Personal accounts are designed to keep our accounts, well, personal. But the part that annoys me is that I can never seem to remember my usernames and passwords.
For that very reason I really appreciate that I can “tag along” on some of my husband’s accounts. Two heads are better than one when trying to remember the correct combination of four lower-case letters, two upper-case letters, a symbol, and a secret handshake. There are two primary and frequently-used accounts that my husband Victor and I share—a bank account and Facebook.
I never thought much about it until I recently saw a post on Facebook that said, “A joint account means someone has been caught cheating before.”
At first I was offended. But I soon let it go because I remembered hearing someone criticize couples for the opposite reason: “Nothing says, ‘I’m cheating,’ like a separate account,” they said. Hmmm, you know sometimes, you just can’t win.
But it got me thinking: What does sharing or not sharing your accounts say about your relationship? I concluded that our reasons have everything and nothing to do with trust. Contradictory, I know, but hear me out.
When Victor and I have shared an account, it has been by invitation. For example, the reason we have a joint Facebook account is because Victor invited me to use his account. I didn’t insist that we share the account so I could keep an eye on him. I actually used to have my own account, but rarely used it. As more and more of our mutual friends came onto his friend list, he asked me if I minded if he changed his profile name to VictorAndAllison so that we could connect with our friends more easily.
Or take the bank accounts: Victor and I had separate accounts, of course, before we were married. He invited me to join his main account. He didn’t have to do that; he wanted to. Today we both have separate and joint bank accounts, and the reasons relate mostly to what those accounts are designated for.

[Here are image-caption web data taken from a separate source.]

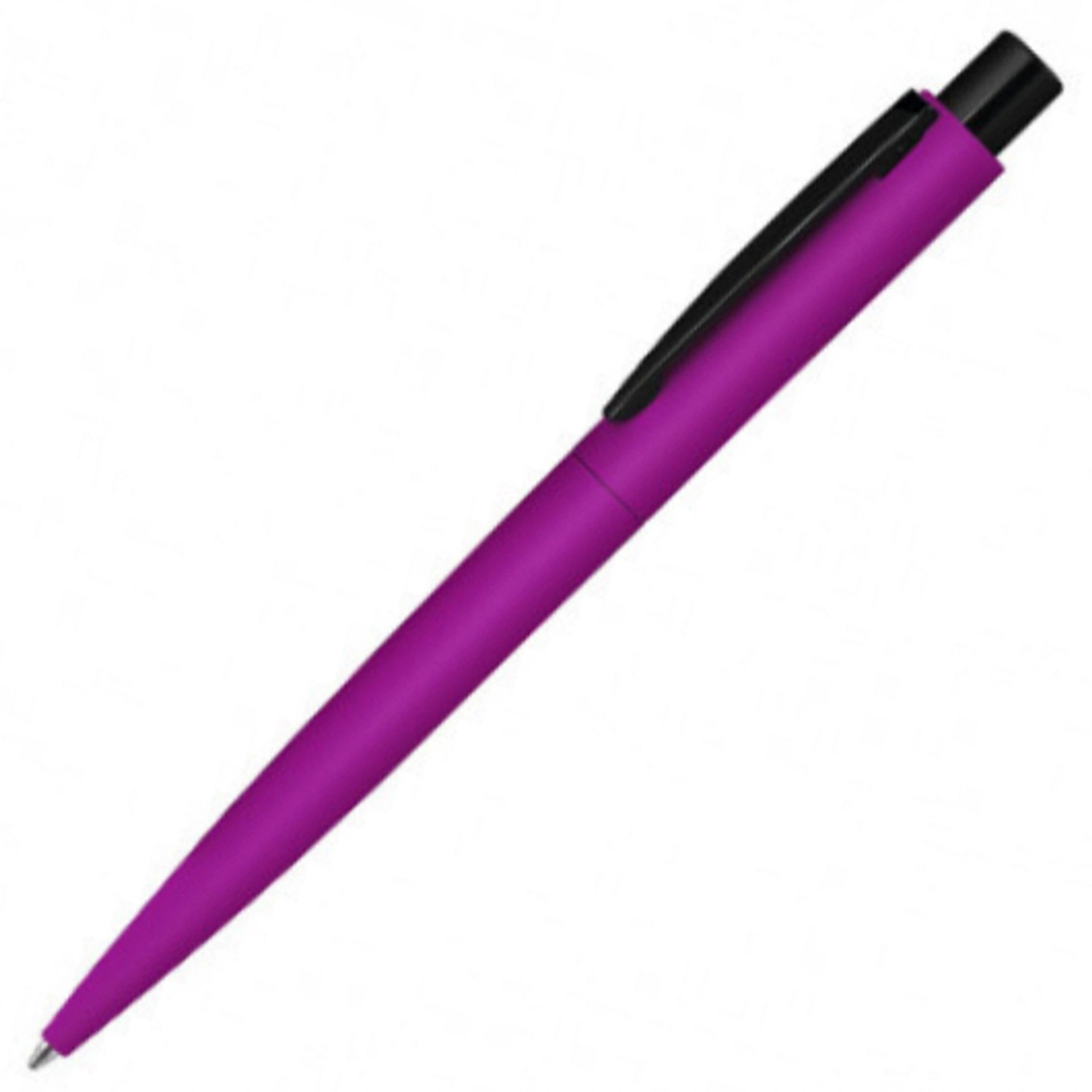 Ручка металева UMA LUMOS M GUM soft-touch, Ø11x145 мм - Рожевий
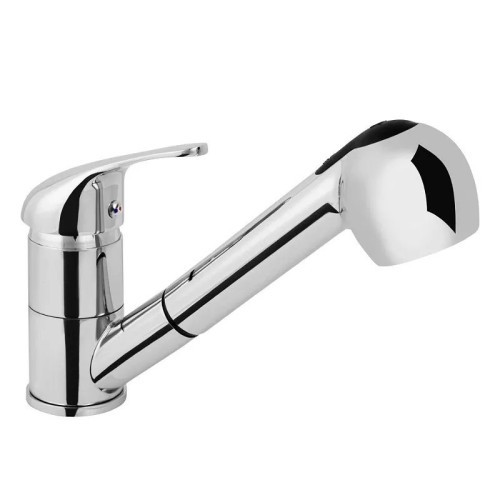 Grifo Monomando Fregadero Extensible Bajo serie Pacific Artic - 1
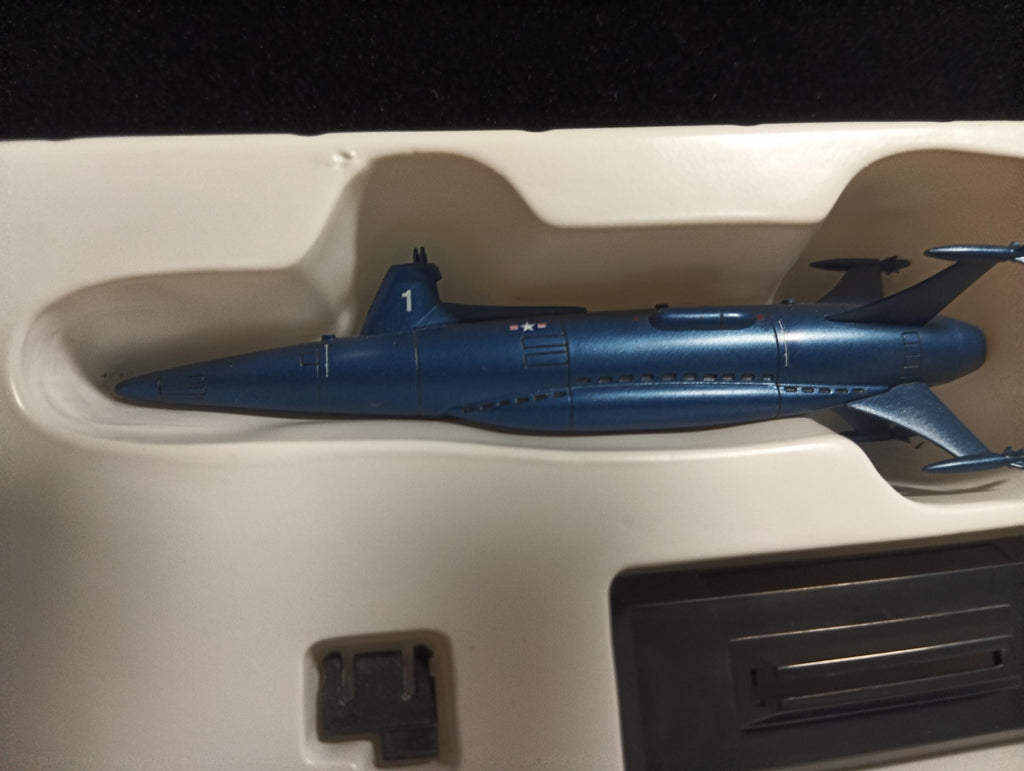 Takara Ship of the World Series 04 1/1000 Blue No. 1 Corback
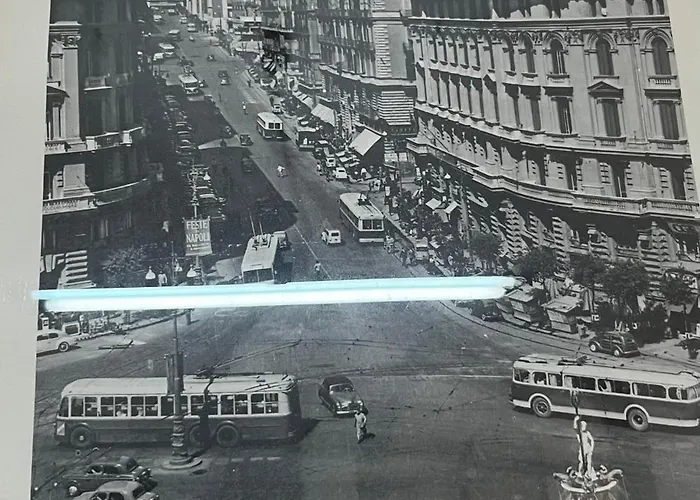 Oda ve Kahvaltı Briante House Napoli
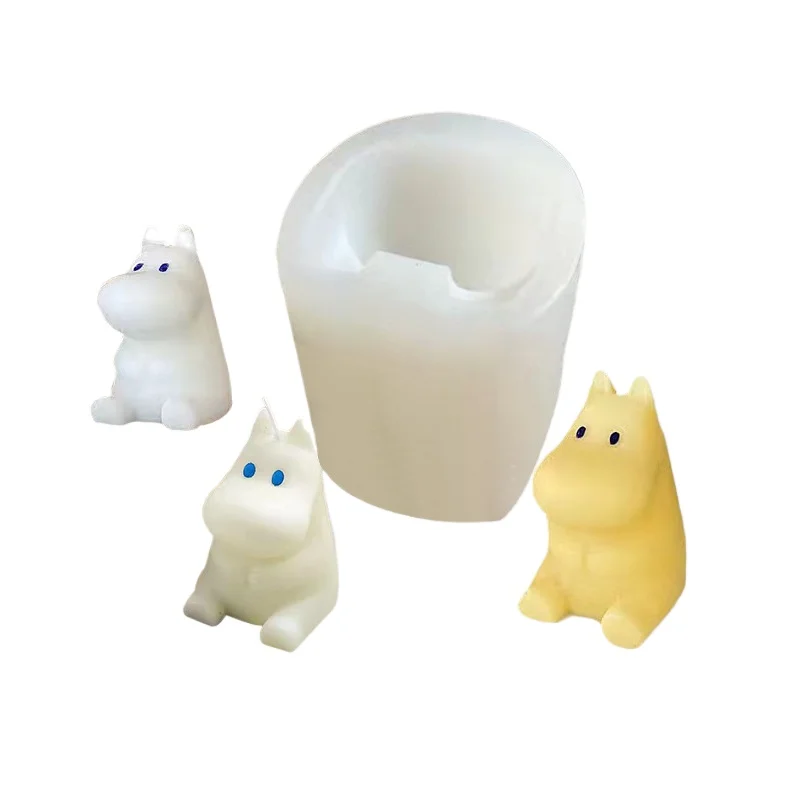 Hot Cute Anime Moomin Series Silicone Mold Cartoon Character Creativity Cute DIY Aromatherapy Candle Silicone Mold Holiday Gifts
Hot Cute Anime Moomin Series Silicone Mold Cartoon Character Creativity Cute DIY Aromatherapy Candle Silicone Mold Holiday Gifts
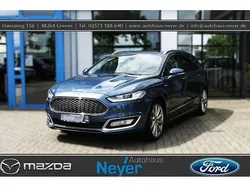 Chromablau metallic Gebraucht 2019 Ford Mondeo Vignale Kombi | 20.990 € (Etwas zu teuer)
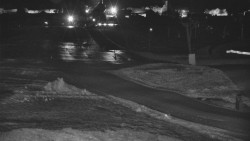 Horní část sjezdovky skiareálu Hlubočky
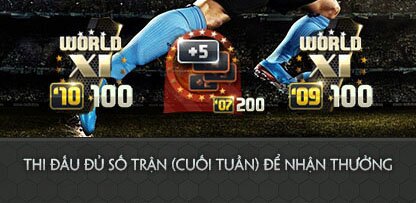 Chùm SỰ KIỆN MỚI ngày 13/11 - Khai Mạc BOXING DAY FIFA Online 3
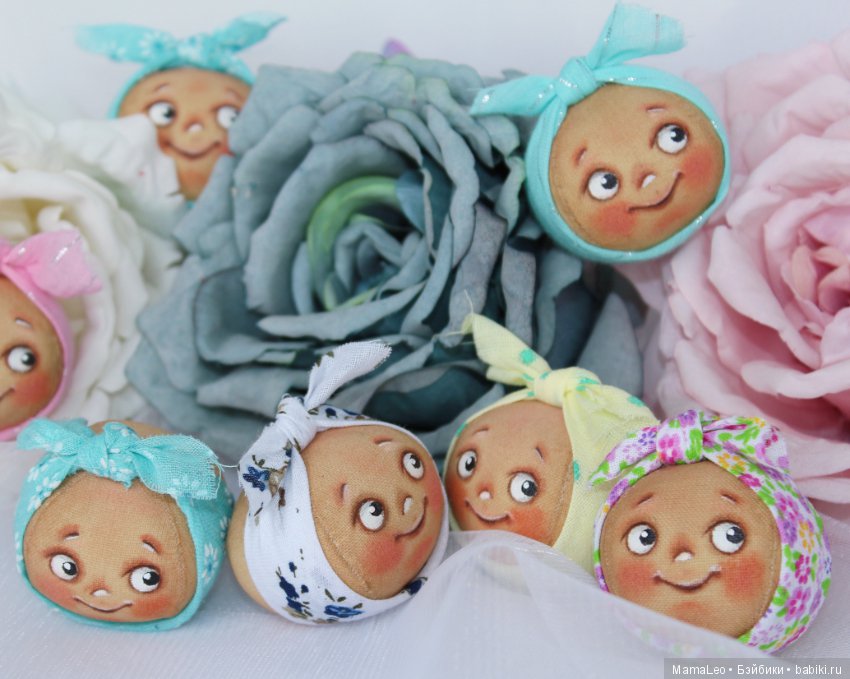 Колобков много не бывает. Авторские игрушки Наталии Медведевой (фото 8)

Honestly, if a person is going to cheat by delving into the secret account, then they are going to do it with a joint account too. People are quite clever when it comes to deceit. Cheating means that they have already tossed morals to the wind, so whether their account is private or shared is not going to stop them from making bad choices.
So you see, I believe that our account status has nothing and everything to do with trust. I trust my spouse to be faithful to me because he promised he would be. I don’t rely on an account to keep him accountable. If he has a mind to cheat on me, Facebook and Bank of America aren’t going to stop him.
For Victor and I, it boils down to consideration. I think our trust for each other is strengthened when we treat each other with consideration. I remember how nice I thought it was that Victor invited me to use his Facebook. But if he had never made such an offer, it wouldn’t necessarily mean that he’s shutting me out of his life. I think everyone deserves a little privacy. And if we are being considerate spouses, then we will be willing to give both invitation and privacy. We trust each other, so we consider our accounts settled.